▶ ASSIGNED TASK
Only those lines running from the line that contains "Heirloom Bakery &" through the end of the material are to be written out, each exactly as shown.

-- DATA follows --

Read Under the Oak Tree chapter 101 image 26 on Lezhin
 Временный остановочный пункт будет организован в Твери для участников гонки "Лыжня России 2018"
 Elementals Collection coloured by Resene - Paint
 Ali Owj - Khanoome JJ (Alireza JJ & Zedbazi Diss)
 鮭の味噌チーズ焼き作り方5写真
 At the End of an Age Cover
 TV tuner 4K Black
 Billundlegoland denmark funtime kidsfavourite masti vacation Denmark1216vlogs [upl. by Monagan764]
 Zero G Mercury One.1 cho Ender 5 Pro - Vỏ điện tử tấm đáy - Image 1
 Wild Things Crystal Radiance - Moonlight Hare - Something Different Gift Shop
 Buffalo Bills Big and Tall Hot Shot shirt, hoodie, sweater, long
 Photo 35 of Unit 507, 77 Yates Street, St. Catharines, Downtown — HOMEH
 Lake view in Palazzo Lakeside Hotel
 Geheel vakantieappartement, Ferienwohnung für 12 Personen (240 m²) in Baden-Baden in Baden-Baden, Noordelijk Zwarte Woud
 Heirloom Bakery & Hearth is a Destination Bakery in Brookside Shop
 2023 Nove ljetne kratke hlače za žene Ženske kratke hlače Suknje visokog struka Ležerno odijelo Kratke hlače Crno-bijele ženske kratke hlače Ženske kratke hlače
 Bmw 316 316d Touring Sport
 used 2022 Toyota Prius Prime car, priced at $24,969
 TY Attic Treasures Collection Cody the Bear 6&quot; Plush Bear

-- DATA concluded --

▶ FINISHED EXERCISE
 Heirloom Bakery & Hearth is a Destination Bakery in Brookside Shop
 2023 Nove ljetne kratke hlače za žene Ženske kratke hlače Suknje visokog struka Ležerno odijelo Kratke hlače Crno-bijele ženske kratke hlače Ženske kratke hlače
 Bmw 316 316d Touring Sport
 used 2022 Toyota Prius Prime car, priced at $24,969
 TY Attic Treasures Collection Cody the Bear 6&quot; Plush Bear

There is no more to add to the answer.